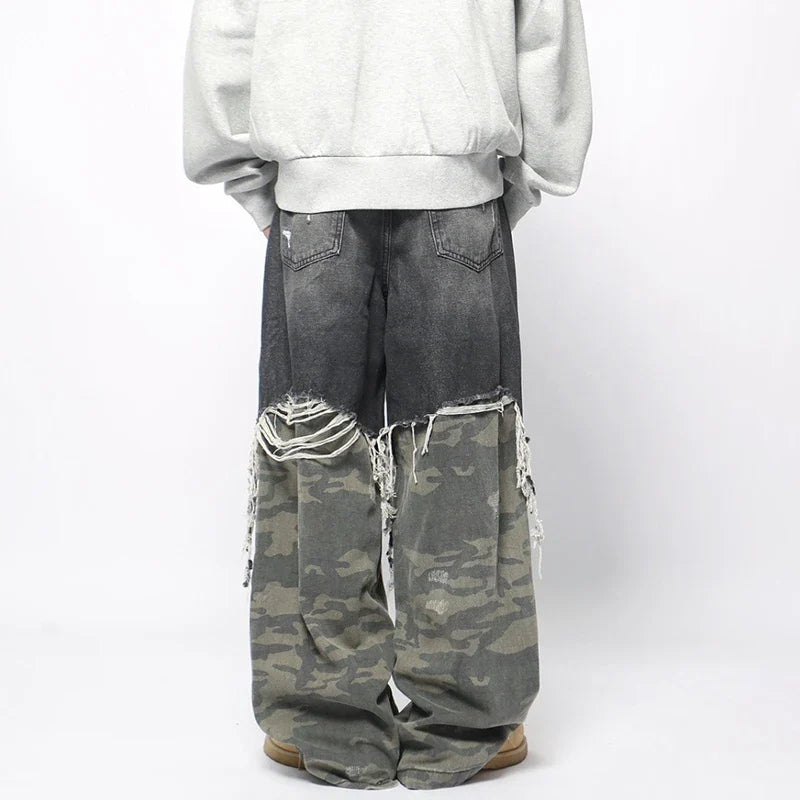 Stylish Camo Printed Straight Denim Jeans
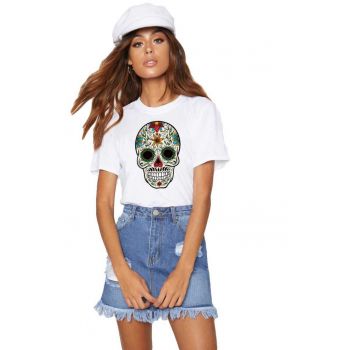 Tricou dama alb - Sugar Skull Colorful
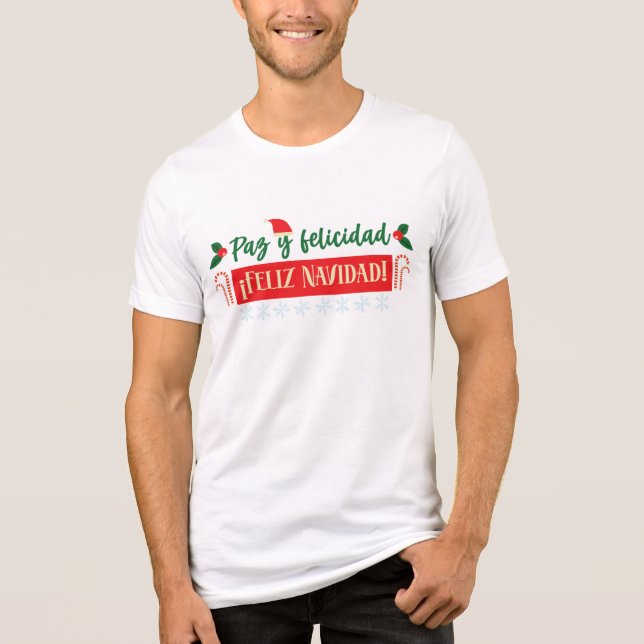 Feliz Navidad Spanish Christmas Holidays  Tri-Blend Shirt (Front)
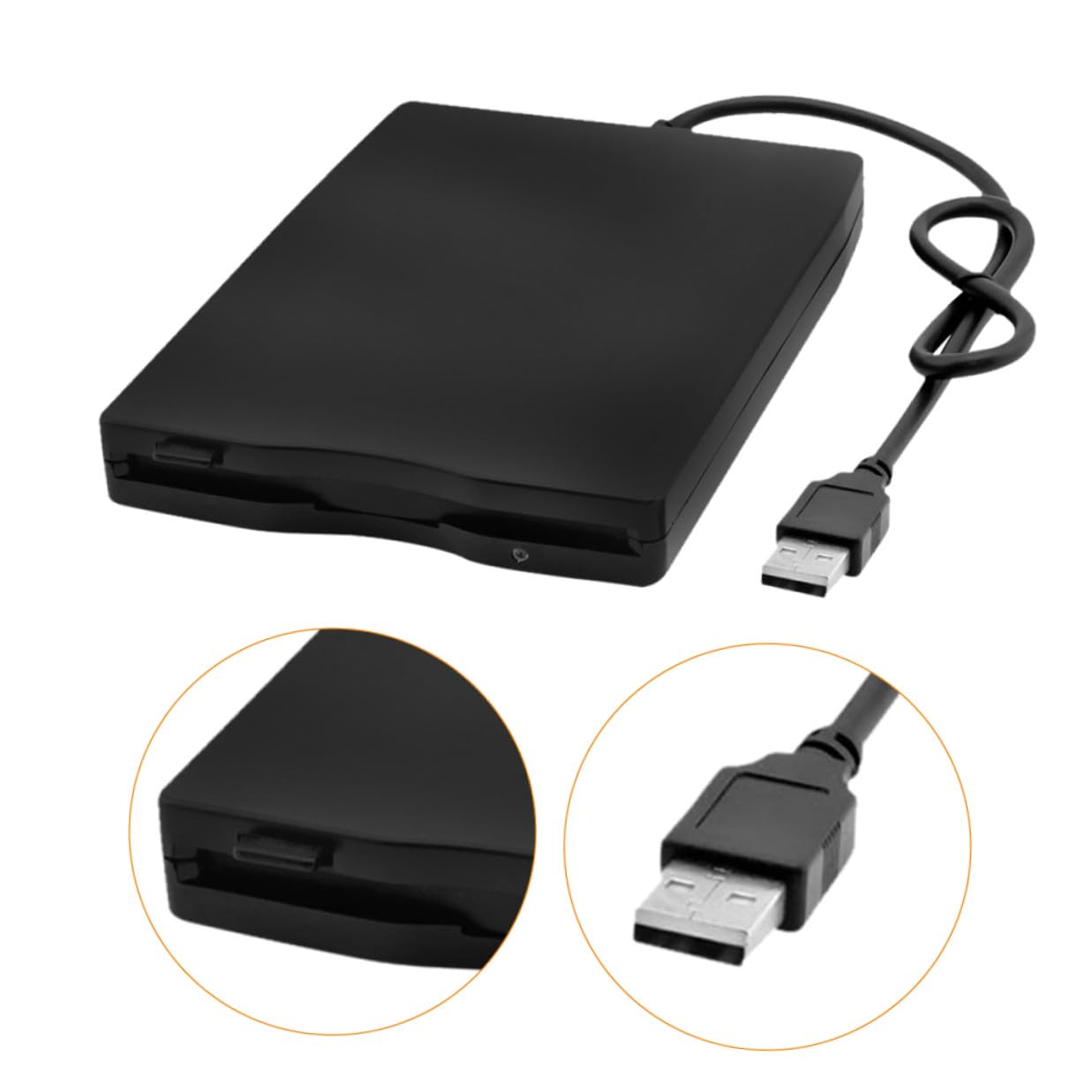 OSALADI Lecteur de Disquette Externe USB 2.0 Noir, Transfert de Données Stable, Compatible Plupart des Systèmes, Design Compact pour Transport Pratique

------------------------------------------------------------

-- Exercise details --
Write out verbatim the lines from the one containing "Tricou dama alb - Sugar Skull Colorful" through the last line of the listing above, and no other lines; omit pictures.

-- Answer space --
 Tricou dama alb - Sugar Skull Colorful
 Feliz Navidad Spanish Christmas Holidays  Tri-Blend Shirt (Front)
 OSALADI Lecteur de Disquette Externe USB 2.0 Noir, Transfert de Données Stable, Compatible Plupart des Systèmes, Design Compact pour Transport Pratique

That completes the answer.